And with that, a room full of strangers became a room full of sisters.

As a middle child, I’ve always struggled with feeling “important”. I struggled with comparing myself to my siblings, competing against them over trivial matters and arguing with them when all else fails. So, surprisingly, I wasn’t too keen on joining a sorority.

With bubbly smiles and not a hair out of place, gorgeous, outgoing girls greeted me at Sigma Kappa. Instead of feeling awkward or inadequate, however, they took me in and made me feel like I belonged. They laughed at my jokes (which are the farthest thing from funny, by the way), listened to my long, drawn out stories and most of all, genuinely cared about me as a person. I was a little hesitant at first; I didn’t right away feel like I could open up and be myself.
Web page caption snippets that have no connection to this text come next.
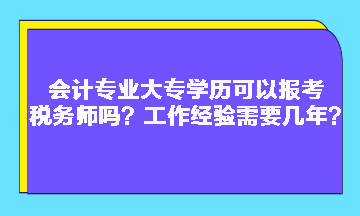 會(huì)計(jì)專業(yè)大專學(xué)歷可以報(bào)考稅務(wù)師嗎？工作經(jīng)驗(yàn)需要幾年？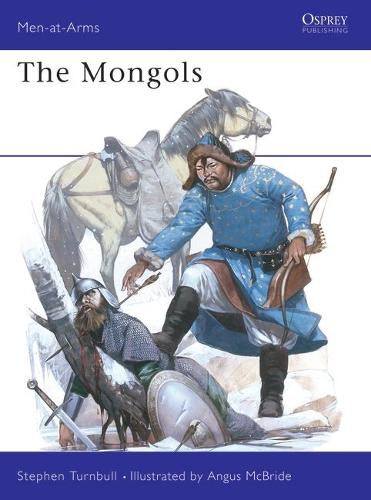 The Mongols - Men-at-Arms (Paperback)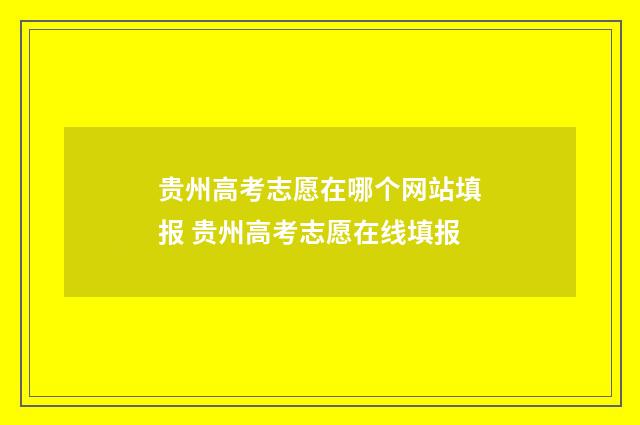 贵州高考志愿在哪个网站填报 贵州高考志愿在线填报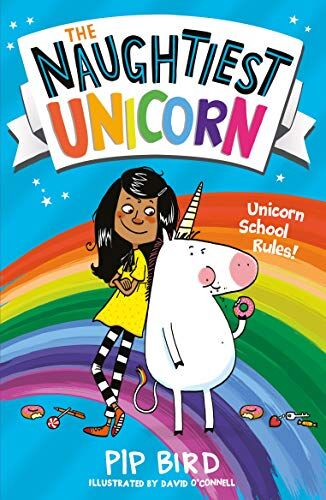 Pip Bird - The Naughtiest Unicorn (The Naughtiest Unicorn series) - Preis vom 05.10.2026 03:47:11 h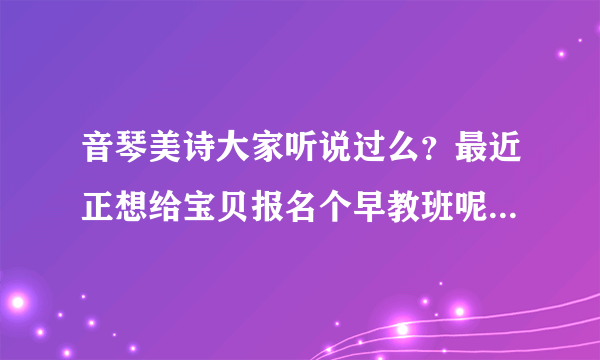 音琴美诗大家听说过么？最近正想给宝贝报名个早教班呢？这里靠谱儿么？有哪位爸爸妈妈现身说法一下呗~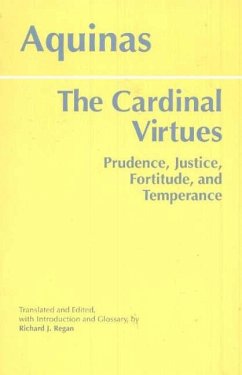 The Cardinal Virtues - Aquinas, Thomas; Regan, Richard J.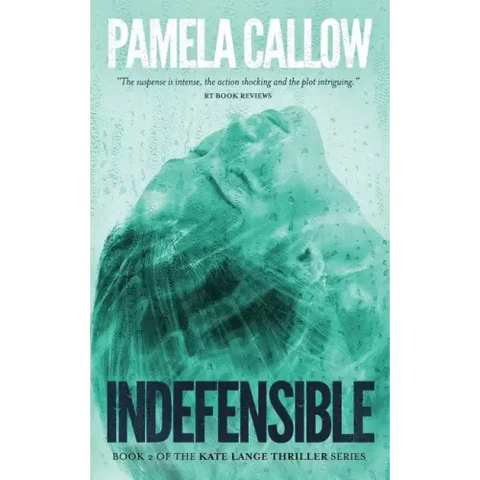 Indefensible: Book 2 of the Kate Lange Thriller Series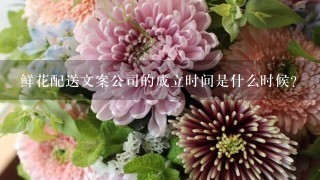 鲜花配送文案公司的成立时间是什么时候？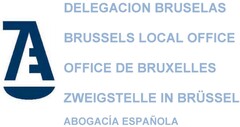 DELEGACION BRUSELAS - BRUSSELS LOCAL OFFICE - OFFICE DE BRUXELLES - ZWEIGSTELLE IN BRÜSSEL - ABOGACÍA ESPAÑOLA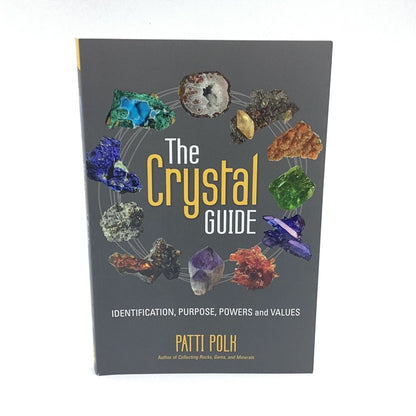 The Crystal Guide: Identification, Purpose, Powers and Values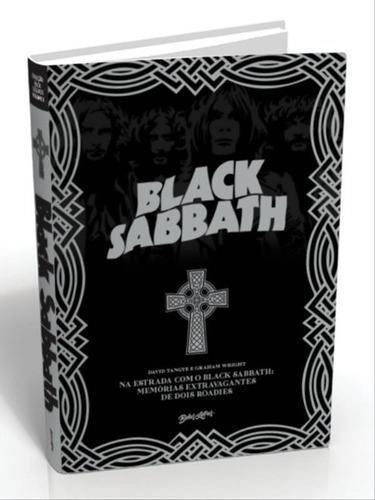 Na Estrada Com O Black Sabbath - Vol. 5: Memórias Extravagantes De Dois Roadies, De Wright, Graham / Tangye, Dave. Editora Belas Letras, Capa Mole Em Português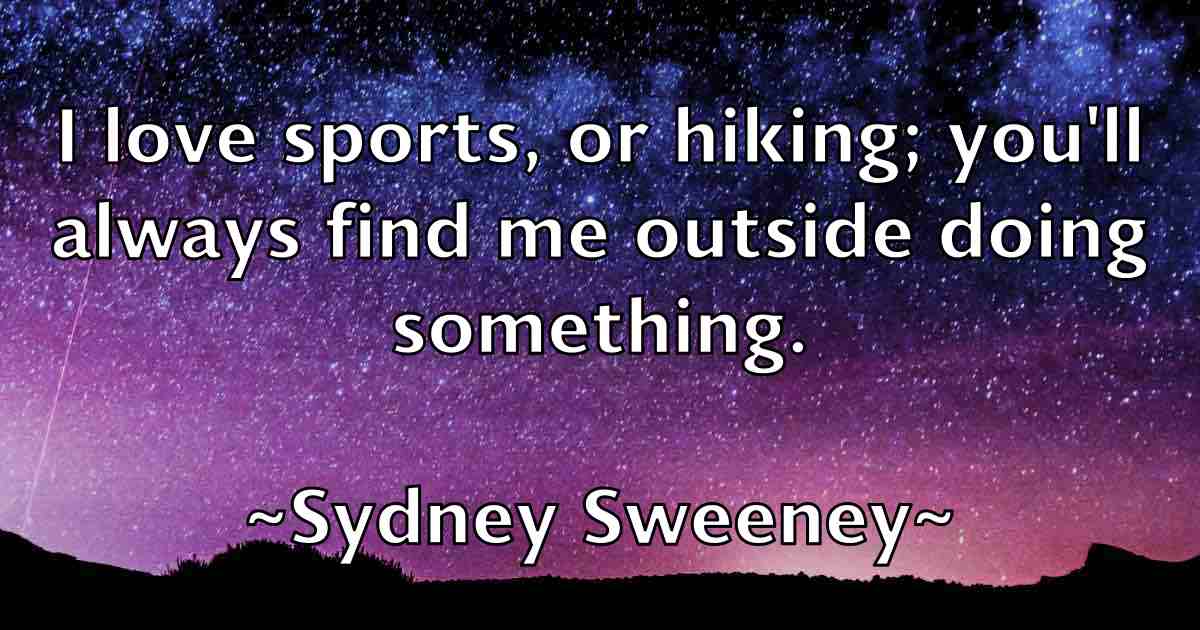 /images/quoteimage/sydney-sweeney-fb-791378.jpg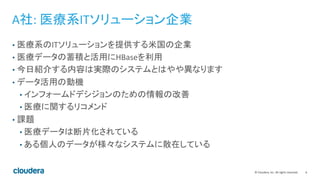 6	
  ©	
  Cloudera,	
  Inc.	
  All	
  rights	
  reserved.	
  
A社:	
  医療系ITソリューション企業	
  
•  医療系のITソリューションを提供する米国の企業	
  
•  医療データの蓄積と活用にHBaseを利用	
  
•  今日紹介する内容は実際のシステムとはやや異なります	
  
•  データ活用の動機	
  
• インフォームドデシジョンのための情報の改善	
  
• 医療に関するリコメンド	
  
•  課題	
  
• 医療データは断片化されている	
  
• ある個人のデータが様々なシステムに散在している	
  
 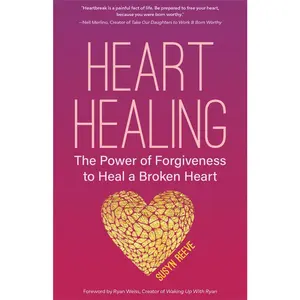 USED-Heart Healing: The Power of Forgiveness to Heal a Broken Heart (Forgiveness Book, for Fans of Chicken Soup for the Soul, How to Heal by Reeve, Susyn (Paperback)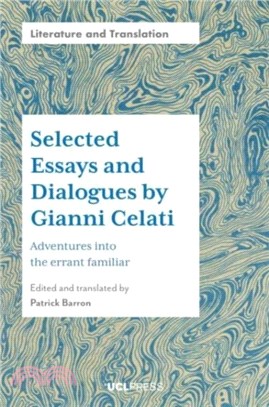 Selected Essays and Dialogues by Gianni Celati：Adventures into the Errant Familiar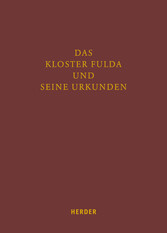 Das Kloster Fulda und seine Urkunden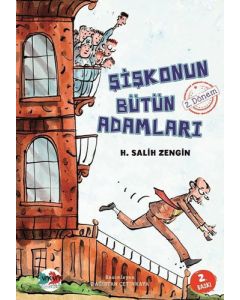 Şişkonun Bütün Adamları 2. Dönem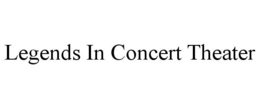 LEGENDS IN CONCERT THEATER trademark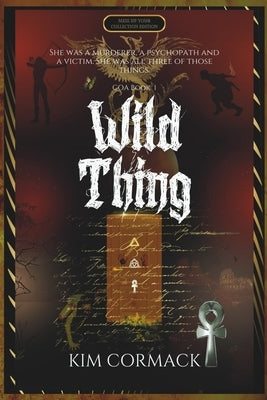 Wild Thing by Cormack, Kim
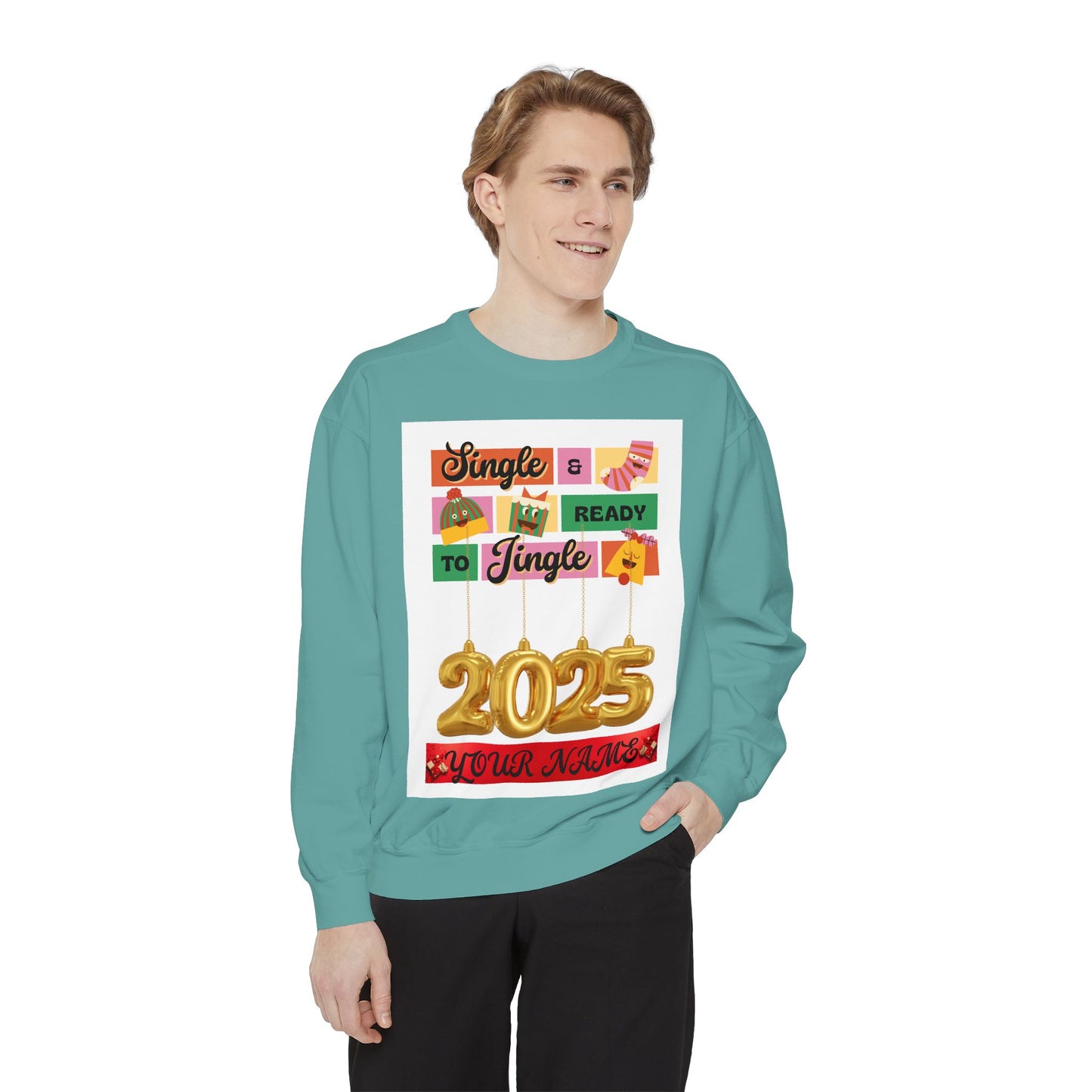 Customizable Sweatshirt - Single and Ready to Mingle Jingle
I kept quiet during the first few days, silently observing how easily everyone else was able to relax and become close.

There wasn’t one grand moment when I realized, “these are my sisters”. Instead, it was a compilation of smaller moments, little aspects of the days that made me realize I had found my family. Silent hours spent in the lib, dying from work, and I’d look up and make eye contact with a sister and she’d give me a supportive grin. Spotting girls around campus and seeing them instantly break out in a smile and a furious wave. Going to eick alone and then somehow ending up at a full table, all with smiling faces and great conversation. Receiving invitations to go to events, activities, shows that I would’ve been too scared to go to by myself.

It was little things like that that made me realize what sisterhood means. Friends that go above and beyond what is normal without even realizing it; smiling at you in encouragement just when they know you need it, reaching out when you find yourself too afraid to, and most importantly supporting you, whether you recognize you need it or not. It’s this feeling that you can say or do whatever feels comfortable and no one will judge you or make you feel inferior. It’s dancing when there’s no music and knowing in your heart that a sister will jump in there with you.

I’m a lot of things; I’m loud and crazy and honest and confusing. But I’m also a sister of Sigma Kappa and I wouldn’t have it any other way.